AI in financial services has some notable success stories, underwriting is perhaps the most touted and the reason is that the outcome – insure or don’t insure is a decision that’s immediate. The rules of the game can be taught to an actuary and these same rules can be taught to a computer. The data about previous decisions is available in great quantity for most large firms so it’s possible to train AI over time to make better and more complex decisions as the machine learns.

The use of AI across financial advice is accelerating. As with any technology that has the potential to save time, reduce cost and make us more efficient, firms that adopt AI will gain a significant competitive advantage over those firms that continue with the old ways of working. AI is set to make a transformational difference, from drafting documentation such as reports or suitability letters, to support chatbots and assisting with compliance checking and monitoring.

Through generative AI we are seeing the growth of personalised content, customised to individuals’ preferences, and learning from their behaviours.
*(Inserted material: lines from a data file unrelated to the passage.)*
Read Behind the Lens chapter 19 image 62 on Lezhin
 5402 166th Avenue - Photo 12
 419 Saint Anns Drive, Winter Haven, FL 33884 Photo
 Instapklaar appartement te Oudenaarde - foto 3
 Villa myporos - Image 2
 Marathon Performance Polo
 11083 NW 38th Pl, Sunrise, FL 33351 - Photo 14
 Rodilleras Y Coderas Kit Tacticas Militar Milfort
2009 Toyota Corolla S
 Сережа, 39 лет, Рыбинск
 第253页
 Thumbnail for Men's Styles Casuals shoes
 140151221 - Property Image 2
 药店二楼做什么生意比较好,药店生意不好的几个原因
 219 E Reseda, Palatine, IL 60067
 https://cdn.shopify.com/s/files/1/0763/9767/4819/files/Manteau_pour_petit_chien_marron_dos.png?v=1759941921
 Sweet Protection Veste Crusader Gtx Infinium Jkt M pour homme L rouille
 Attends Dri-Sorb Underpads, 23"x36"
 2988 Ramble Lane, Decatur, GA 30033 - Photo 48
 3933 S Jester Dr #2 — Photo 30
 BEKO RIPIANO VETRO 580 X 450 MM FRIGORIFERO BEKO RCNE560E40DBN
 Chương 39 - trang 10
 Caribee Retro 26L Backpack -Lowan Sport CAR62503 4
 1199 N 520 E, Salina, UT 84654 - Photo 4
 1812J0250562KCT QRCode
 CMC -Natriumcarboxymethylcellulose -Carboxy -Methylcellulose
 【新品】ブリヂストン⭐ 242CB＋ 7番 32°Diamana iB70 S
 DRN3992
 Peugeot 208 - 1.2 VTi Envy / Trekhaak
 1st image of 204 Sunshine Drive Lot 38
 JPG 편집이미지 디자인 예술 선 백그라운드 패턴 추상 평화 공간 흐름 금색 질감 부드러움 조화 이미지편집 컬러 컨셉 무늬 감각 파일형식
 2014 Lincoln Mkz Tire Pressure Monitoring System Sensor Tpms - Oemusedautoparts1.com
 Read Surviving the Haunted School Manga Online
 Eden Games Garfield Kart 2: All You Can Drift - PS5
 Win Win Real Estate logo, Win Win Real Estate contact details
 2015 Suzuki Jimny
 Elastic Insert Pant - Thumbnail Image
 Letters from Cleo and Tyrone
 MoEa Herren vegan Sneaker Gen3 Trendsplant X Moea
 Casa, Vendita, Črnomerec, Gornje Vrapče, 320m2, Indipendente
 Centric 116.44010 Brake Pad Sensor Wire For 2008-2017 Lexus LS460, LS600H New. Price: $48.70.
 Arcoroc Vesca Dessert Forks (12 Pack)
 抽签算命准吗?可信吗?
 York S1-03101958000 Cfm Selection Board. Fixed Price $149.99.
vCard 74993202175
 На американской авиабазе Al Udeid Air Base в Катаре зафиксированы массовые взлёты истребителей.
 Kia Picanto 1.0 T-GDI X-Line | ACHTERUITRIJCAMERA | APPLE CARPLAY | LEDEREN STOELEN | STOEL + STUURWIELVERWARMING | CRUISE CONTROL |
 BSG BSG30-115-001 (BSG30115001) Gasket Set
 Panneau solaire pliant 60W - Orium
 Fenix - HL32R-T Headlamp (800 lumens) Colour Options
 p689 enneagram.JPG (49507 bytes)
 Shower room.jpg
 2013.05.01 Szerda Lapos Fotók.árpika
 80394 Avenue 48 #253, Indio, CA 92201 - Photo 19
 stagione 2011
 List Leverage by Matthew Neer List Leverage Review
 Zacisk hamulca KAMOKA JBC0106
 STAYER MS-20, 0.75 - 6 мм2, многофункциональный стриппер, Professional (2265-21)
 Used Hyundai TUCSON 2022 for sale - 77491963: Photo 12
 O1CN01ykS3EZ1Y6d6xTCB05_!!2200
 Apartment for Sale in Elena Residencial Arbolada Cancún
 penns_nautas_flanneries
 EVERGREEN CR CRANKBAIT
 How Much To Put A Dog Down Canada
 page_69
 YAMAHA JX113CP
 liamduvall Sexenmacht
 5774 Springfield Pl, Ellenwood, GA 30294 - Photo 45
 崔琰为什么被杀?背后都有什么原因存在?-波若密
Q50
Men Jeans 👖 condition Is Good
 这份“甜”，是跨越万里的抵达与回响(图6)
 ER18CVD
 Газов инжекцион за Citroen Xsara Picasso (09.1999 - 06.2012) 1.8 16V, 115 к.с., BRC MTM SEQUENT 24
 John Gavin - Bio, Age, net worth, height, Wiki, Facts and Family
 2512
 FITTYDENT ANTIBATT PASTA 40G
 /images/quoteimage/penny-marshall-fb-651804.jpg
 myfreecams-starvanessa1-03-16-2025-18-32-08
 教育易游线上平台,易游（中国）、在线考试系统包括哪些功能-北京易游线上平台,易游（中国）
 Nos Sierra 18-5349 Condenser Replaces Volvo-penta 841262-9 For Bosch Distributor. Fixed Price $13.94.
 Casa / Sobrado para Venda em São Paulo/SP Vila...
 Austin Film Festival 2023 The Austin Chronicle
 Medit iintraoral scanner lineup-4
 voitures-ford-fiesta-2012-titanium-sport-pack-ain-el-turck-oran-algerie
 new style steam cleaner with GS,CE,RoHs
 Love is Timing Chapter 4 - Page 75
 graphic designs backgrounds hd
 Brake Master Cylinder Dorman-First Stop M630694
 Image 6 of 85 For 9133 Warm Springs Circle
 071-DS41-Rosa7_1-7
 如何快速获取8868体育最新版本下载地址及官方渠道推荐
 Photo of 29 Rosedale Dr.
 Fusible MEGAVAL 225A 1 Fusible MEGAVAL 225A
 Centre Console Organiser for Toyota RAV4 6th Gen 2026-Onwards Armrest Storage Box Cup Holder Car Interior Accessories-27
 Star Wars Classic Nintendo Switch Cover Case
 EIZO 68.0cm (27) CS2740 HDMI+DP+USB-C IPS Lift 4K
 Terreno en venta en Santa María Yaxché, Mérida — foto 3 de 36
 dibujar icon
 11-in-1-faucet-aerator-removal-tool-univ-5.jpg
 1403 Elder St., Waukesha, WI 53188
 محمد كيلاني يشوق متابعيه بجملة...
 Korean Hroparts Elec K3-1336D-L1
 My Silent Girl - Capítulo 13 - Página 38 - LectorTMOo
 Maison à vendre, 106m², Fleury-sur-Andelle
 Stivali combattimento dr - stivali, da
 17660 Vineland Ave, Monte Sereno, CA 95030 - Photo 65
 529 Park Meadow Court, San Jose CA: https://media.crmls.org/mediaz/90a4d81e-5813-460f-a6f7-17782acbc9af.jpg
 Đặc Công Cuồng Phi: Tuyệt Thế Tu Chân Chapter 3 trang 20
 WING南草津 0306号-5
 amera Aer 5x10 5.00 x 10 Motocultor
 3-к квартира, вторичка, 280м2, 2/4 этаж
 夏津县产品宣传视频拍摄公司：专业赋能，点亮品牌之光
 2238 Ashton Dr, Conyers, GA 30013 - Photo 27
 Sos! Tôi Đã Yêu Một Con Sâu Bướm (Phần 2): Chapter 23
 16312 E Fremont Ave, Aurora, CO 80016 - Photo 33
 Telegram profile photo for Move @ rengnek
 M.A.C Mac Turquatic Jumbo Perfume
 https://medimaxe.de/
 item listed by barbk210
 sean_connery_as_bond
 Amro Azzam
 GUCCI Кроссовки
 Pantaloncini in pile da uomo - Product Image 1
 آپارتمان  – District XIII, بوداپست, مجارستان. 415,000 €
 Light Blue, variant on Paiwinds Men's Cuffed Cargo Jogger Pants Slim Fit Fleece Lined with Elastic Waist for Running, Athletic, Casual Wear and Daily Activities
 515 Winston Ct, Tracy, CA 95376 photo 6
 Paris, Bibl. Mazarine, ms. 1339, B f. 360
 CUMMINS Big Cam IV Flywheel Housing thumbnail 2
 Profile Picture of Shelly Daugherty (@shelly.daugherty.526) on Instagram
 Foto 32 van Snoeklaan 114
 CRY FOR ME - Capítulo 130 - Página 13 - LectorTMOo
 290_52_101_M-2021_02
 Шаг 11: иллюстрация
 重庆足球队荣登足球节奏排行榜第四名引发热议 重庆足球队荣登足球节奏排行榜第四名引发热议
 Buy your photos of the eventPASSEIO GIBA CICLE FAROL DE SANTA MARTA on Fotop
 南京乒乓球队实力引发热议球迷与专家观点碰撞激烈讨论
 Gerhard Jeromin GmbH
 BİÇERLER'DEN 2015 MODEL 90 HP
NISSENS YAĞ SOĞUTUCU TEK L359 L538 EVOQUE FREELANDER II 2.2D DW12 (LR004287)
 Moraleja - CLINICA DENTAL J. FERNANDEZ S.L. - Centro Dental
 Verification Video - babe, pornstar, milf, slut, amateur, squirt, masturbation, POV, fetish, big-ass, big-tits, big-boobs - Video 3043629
This is enabling firms to engage more regularly with their clients, and importantly provides an effective way to connect with the next generation of their clients.

AI assistants like Microsoft Copilot can transcribe and summarise meetings, pulling out actions and providing insights. This is a simple but highly effective use of AI that saves significant time and carries minimal risk, as any outputs from the AI are checked by a human before they are sent to the client.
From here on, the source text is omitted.